Sustainability Requirements:
As used in this Lease, “Sustainability Requirements” means any and all Laws relating to any “green building” or other environmental sustainability practices and requirements now or hereafter in effect or imposed by any governmental authority or applicable Laws from time to time (collectively, “Sustainability Requirements”). Without limiting the scope of any Sustainability Requirements that may be in effect from time to time, Tenant acknowledges that Sustainability Requirements may address whole-building or premises operations, construction issues, maintenance issues and other issues, including without limitation requirements relating to: chemical use; indoor air quality; energy and water efficiency; recycling programs; interior and exterior maintenance programs; systems upgrades to meet green or sustainable building energy, water, air quality, and lighting performance standards; construction methods and procedures; material purchases; disposal of garbage, trash, rubbish and other refuse and waste; and the use of proven energy and carbon reduction measures.
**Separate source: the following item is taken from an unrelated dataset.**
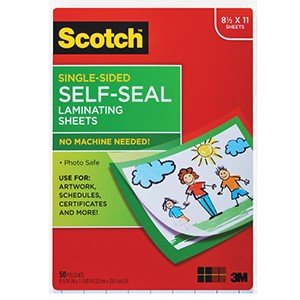 3M Comm Self-Sealing Laminating Sheets, 6 mil, 9.06 x 11.63, Gloss Clear, 10/Pack - Each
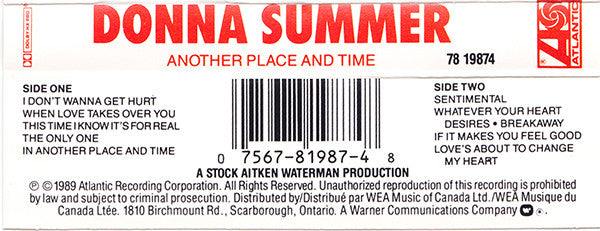 Donna Summer – Another Place And Time - 1989 Cassette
Neither Tenant nor Tenant’s Agents shall use or operate the Premises in a manner that will cause any part of the Project to be in non-compliance with any Sustainability Requirements in effect from time to time.
4.
TERM AND RENTAL:
A.
Term; Base Monthly Rent:
The Lease term (“Lease Term”) shall commence on August 15, 2015 (the “Commencement Date”), and end one hundred forty four (144) full calendar months thereafter (it being intended that if the Commencement Date occurs on a day other than the first (1 st ) day of a calendar month, then the Expiration Date shall be extended so that the Expiration Date occurs on the last day of the last calendar month of the Lease Term) (the date that the Lease Term, as extended pursuant to the terms and conditions of this Lease, expires being the “Expiration Date”), subject to sooner termination or extension as described in this Lease. Notwithstanding the Parties’ agreement that the Lease Term begins on the Commencement Date, this Lease and all of the obligations of Landlord and Tenant shall be binding and in full force and effect from and after the Effective Date.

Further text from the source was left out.